- [ACTIVITY]:
Copy each line of the records that contains the word "priced".

** INFORMATION GIVEN follows **

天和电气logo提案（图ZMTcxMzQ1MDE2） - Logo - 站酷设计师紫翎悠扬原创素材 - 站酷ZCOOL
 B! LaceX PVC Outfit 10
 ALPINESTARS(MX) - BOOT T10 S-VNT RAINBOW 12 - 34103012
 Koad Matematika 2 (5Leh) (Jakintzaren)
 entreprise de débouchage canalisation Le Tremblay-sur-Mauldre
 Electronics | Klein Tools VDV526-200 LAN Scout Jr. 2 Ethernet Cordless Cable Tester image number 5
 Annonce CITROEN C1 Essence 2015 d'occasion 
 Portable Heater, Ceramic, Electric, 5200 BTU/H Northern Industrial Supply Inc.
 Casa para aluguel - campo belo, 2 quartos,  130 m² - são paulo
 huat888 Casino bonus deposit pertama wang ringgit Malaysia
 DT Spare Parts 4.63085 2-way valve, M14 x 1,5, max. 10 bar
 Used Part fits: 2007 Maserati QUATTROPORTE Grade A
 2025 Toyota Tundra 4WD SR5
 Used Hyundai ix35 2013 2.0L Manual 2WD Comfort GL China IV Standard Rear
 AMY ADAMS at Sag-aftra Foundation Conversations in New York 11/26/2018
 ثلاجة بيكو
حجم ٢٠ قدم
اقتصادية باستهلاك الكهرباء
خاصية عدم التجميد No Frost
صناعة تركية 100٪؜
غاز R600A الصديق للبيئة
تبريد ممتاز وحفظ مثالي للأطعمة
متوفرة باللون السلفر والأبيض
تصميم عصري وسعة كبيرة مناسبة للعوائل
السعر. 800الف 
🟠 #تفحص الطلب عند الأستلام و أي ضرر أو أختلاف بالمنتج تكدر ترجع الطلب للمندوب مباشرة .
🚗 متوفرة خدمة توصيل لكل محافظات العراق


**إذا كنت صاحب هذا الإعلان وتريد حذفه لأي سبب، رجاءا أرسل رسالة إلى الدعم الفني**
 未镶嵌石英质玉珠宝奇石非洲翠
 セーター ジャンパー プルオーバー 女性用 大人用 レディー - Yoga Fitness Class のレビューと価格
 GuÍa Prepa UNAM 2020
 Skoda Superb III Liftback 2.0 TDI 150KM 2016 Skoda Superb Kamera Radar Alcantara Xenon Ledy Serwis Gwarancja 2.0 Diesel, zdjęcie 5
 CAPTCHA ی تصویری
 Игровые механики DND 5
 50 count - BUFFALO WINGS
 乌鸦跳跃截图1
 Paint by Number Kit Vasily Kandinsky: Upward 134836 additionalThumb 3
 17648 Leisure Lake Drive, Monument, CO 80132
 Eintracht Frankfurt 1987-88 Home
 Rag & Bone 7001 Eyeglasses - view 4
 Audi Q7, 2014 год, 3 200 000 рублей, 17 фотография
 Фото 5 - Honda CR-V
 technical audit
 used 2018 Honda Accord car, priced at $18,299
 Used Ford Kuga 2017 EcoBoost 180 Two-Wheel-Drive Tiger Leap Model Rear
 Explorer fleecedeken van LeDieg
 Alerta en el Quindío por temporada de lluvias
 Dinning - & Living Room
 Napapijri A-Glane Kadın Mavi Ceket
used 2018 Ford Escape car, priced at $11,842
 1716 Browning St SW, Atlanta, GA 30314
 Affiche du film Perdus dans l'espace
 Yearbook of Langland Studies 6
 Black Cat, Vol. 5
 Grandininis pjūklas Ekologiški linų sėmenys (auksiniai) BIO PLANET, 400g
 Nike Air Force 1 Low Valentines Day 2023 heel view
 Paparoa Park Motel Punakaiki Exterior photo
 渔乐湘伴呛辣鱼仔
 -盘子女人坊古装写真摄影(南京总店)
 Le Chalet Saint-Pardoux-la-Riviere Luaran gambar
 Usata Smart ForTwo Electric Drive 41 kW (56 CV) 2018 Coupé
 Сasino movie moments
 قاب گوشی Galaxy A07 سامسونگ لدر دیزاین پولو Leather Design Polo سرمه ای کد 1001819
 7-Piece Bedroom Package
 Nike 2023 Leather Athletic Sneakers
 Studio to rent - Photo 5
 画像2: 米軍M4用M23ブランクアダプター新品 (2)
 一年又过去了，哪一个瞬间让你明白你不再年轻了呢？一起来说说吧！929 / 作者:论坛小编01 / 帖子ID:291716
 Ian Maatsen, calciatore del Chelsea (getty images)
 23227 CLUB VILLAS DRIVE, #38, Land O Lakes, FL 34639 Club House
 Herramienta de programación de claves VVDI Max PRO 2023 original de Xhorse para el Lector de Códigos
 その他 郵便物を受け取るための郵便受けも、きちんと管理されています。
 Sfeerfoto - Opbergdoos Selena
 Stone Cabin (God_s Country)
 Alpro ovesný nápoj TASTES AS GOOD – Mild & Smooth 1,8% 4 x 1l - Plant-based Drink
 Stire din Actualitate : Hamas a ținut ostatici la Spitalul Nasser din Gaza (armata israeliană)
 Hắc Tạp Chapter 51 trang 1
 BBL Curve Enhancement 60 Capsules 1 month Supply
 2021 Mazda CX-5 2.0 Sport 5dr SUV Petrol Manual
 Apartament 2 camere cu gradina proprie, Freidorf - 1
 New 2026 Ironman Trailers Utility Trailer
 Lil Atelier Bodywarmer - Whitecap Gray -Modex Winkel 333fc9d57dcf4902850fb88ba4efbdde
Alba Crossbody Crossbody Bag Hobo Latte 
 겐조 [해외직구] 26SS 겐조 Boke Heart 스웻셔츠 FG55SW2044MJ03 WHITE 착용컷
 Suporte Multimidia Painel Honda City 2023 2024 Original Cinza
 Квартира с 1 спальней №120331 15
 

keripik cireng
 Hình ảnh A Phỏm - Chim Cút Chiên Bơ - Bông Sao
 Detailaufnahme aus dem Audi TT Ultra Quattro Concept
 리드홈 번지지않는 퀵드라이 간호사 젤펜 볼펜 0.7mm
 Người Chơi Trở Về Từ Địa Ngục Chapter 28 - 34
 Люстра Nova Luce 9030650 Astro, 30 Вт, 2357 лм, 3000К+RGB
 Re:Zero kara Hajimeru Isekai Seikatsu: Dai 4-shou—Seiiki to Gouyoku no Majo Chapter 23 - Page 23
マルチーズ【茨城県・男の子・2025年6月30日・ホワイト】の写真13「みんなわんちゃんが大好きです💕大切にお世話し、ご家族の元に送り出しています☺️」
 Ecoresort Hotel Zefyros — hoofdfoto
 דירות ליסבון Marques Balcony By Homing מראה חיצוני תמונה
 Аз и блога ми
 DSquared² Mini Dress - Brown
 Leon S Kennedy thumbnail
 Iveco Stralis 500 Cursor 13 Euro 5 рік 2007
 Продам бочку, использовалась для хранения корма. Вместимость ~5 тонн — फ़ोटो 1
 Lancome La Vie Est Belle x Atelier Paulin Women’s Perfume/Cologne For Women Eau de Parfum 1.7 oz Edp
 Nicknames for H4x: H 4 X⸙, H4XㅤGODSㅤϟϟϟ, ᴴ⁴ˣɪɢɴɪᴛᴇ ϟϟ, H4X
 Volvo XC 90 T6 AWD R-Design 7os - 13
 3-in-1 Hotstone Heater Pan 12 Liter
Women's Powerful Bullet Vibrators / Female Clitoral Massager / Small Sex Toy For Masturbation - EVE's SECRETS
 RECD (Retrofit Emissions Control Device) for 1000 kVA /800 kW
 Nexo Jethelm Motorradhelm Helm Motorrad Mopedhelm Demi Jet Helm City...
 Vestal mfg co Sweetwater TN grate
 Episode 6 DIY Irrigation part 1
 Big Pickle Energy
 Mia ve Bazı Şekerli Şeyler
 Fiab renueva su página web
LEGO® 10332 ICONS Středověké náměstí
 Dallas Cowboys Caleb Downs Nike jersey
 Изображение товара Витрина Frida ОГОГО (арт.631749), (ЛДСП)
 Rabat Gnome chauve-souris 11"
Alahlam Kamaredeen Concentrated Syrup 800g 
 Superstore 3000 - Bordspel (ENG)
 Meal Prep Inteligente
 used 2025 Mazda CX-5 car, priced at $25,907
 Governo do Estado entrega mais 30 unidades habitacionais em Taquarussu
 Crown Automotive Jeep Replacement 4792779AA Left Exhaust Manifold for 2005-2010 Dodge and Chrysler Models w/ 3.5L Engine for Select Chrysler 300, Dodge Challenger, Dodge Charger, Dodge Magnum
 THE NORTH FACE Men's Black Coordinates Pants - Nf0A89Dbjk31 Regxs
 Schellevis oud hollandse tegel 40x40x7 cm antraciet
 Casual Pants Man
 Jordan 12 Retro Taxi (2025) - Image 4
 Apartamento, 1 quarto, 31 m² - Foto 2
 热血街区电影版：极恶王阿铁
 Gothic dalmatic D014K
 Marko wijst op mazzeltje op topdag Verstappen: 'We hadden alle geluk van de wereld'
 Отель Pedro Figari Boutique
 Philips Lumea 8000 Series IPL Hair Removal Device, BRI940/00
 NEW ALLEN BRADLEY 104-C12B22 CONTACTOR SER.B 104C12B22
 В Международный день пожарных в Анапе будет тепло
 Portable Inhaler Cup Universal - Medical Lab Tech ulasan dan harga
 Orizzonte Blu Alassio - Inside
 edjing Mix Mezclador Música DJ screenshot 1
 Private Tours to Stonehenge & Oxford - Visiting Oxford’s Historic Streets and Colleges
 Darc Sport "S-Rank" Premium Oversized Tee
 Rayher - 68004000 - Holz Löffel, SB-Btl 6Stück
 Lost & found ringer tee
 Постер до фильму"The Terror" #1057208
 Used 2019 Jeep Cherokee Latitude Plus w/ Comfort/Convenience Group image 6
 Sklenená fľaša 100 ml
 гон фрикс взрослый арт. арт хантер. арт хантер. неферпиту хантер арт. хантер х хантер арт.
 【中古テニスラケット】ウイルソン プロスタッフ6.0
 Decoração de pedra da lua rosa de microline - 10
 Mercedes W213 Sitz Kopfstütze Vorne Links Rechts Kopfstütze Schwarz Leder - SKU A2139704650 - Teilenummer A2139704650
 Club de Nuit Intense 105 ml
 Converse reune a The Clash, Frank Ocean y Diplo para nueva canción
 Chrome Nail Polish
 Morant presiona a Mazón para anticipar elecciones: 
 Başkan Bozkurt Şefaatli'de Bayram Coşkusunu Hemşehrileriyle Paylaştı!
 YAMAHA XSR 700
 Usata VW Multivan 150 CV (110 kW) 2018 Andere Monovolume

** End of INFORMATION GIVEN **

- [FINISHED TASK]:
 used 2018 Honda Accord car, priced at $18,299
used 2018 Ford Escape car, priced at $11,842
 used 2025 Mazda CX-5 car, priced at $25,907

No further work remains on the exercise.